Demonstrations have also been held in smaller cities in recent days, where women have demanded to be part of a new government.
The Kabul-based Afghan Independent Journalists Association said 14 journalists – Afghan and foreign– were detained briefly during the protests in Kabul before being released.
The Taliban spokesman late Tuesday warned the public against taking to the streets.
“Until all the government offices have opened, and the laws for protests have been explained, no one should protest,” Mujahid said.
The group – which executed people in stadiums and chopped the hands of thieves in the 1990s – has previously said it would not stand for any resistance against its rule.
Washington, which has said it is in “no rush” to recognise the new government, expressed concern Tuesday about members of the government but said it would judge it by its actions.
“We note the announced list of names consists exclusively of individuals who are members of the Taliban or their close associates and no women. We also are concerned by the affiliations and track records of some of the individuals,” a State Department spokesman said.
“We understand that the Taliban has presented this as a caretaker cabinet.

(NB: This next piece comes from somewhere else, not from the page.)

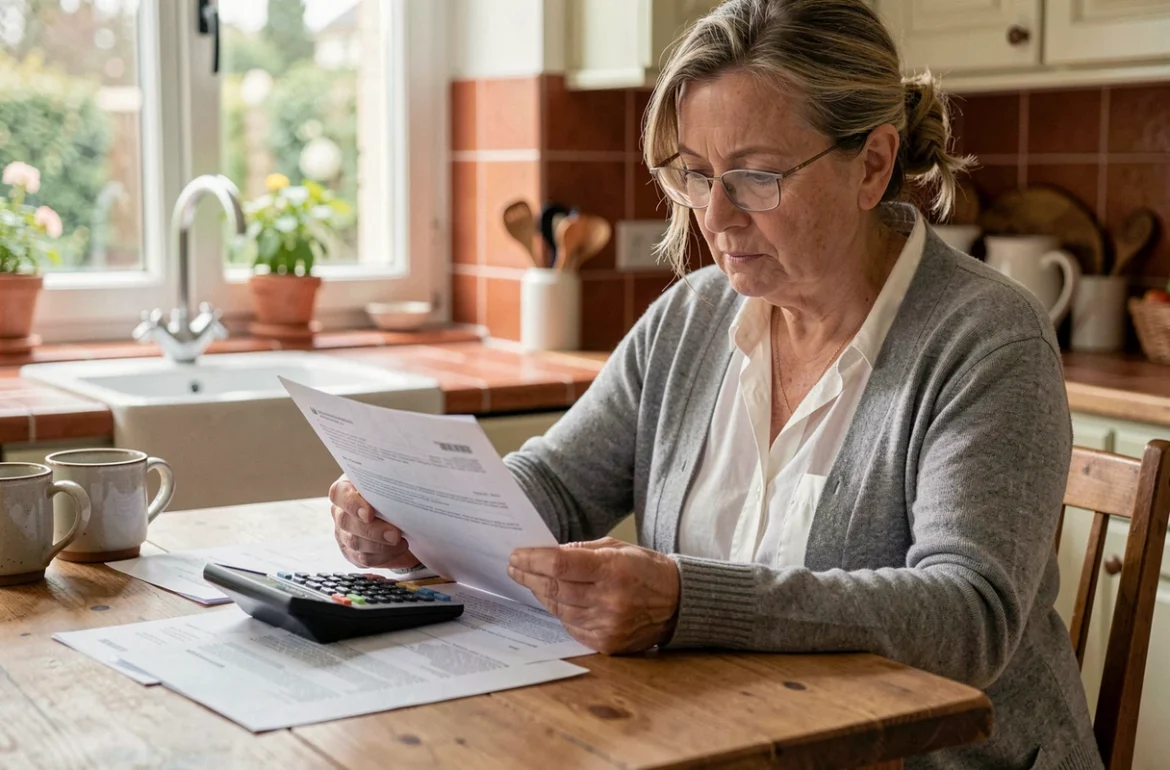 Femme de 55 ans en train de calculer sa pension de réversion à la table de sa cuisine avec des documents administratifs et une calculatrice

However, we will judge the Taliban by its actions, not words.”
US Secretary of State Antony Blinken, on a visit to Qatar, said that the Taliban were honouring promises to allow Afghans to freely depart Afghanistan so long as they had travel documents.

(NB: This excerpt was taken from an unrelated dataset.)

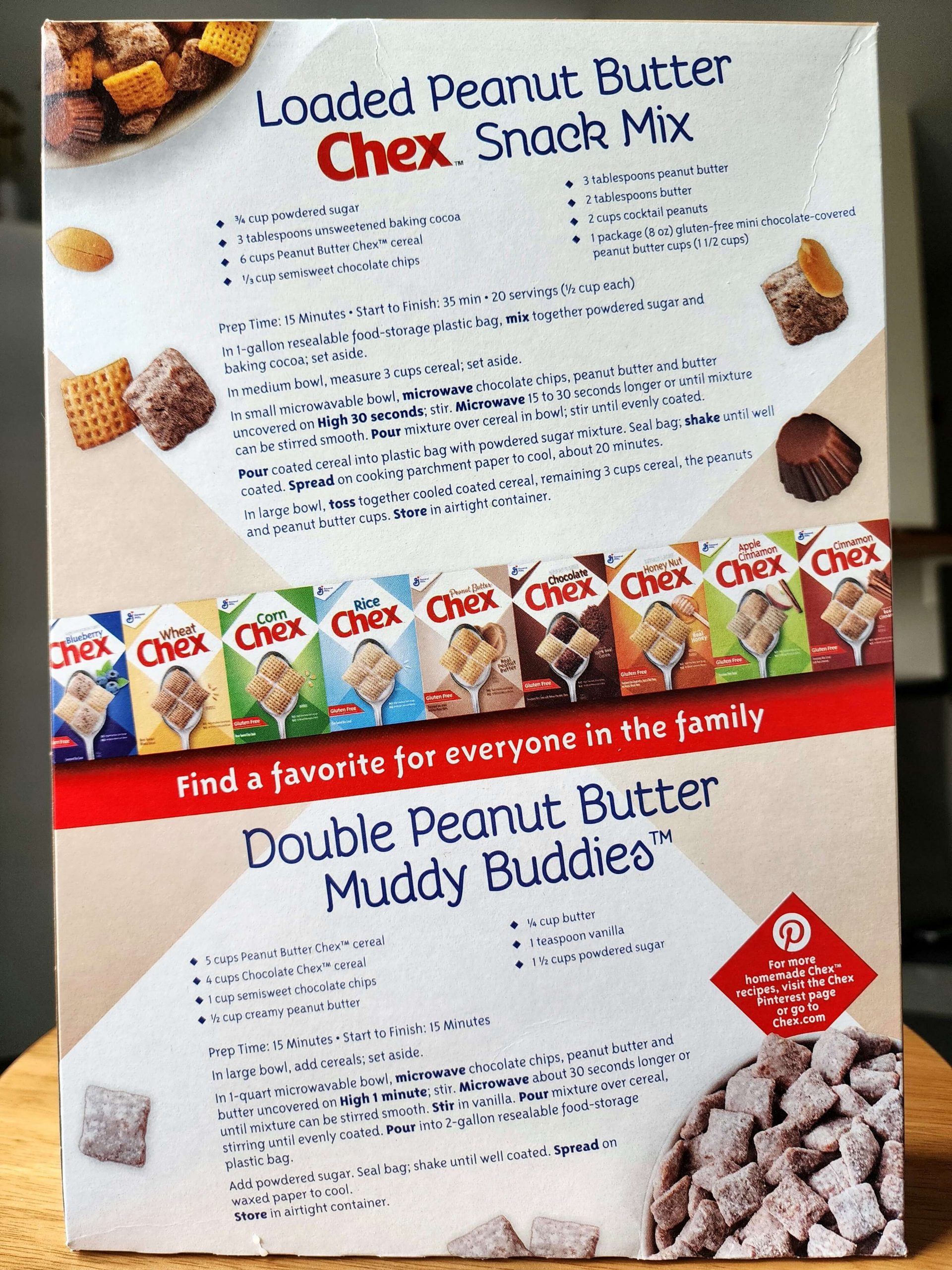 Back of General Mills Peanut Butter Chex cereal box.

US President Joe Biden has faced mounting pressure amid reports that several hundred people, including Americans, have been prevented for a week from flying out of an airport in northern Afghanistan.
No women in government
At the United Nations, Pramila Patten – head of UN Women, a group that promotes global gender equality – said the absence of women in the interim Afghan government “calls into question the recent commitments to protect and respect the rights of Afghanistan’s women and girls.”
By excluding women, “the Taliban leadership has sent the wrong signal about their stated goal of building an inclusive, strong and prosperous society.”
She described respect for women’s rights as “a litmus test against which any authority must be judged,” and called on the Taliban to “fully comply with its legally binding obligations” under international treaties and the constitution that guarantee “the full participation of women in political and decision-making processes.”